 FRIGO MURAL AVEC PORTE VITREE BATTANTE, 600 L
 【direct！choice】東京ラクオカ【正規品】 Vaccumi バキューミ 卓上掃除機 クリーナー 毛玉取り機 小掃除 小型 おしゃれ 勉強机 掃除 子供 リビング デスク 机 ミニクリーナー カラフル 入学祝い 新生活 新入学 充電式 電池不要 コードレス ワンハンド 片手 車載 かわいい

◆ ◆ ◆ ◆ ◆ ◆ ◆

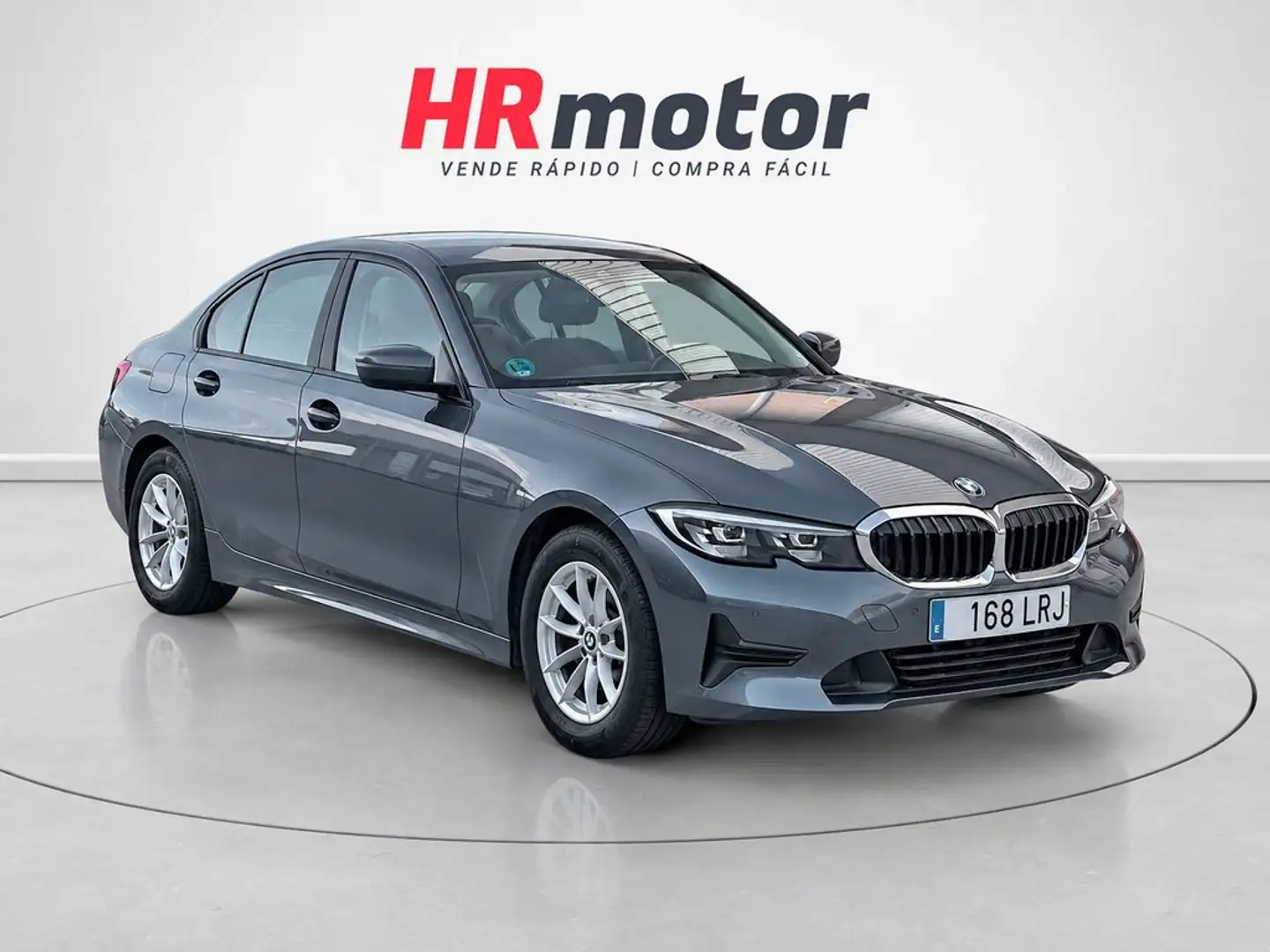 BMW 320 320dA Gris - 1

◆ ◆ ◆ ◆ ◆ ◆ ◆

Required work —
Of the lines above, retype only those from the line containing "FRIGO MURAL AVEC" through the line containing "ワンハンド 片手 車載 かわいい", including both, exactly.

Written response —
 FRIGO MURAL AVEC PORTE VITREE BATTANTE, 600 L
 【direct！choice】東京ラクオカ【正規品】 Vaccumi バキューミ 卓上掃除機 クリーナー 毛玉取り機 小掃除 小型 おしゃれ 勉強机 掃除 子供 リビング デスク 机 ミニクリーナー カラフル 入学祝い 新生活 新入学 充電式 電池不要 コードレス ワンハンド 片手 車載 かわいい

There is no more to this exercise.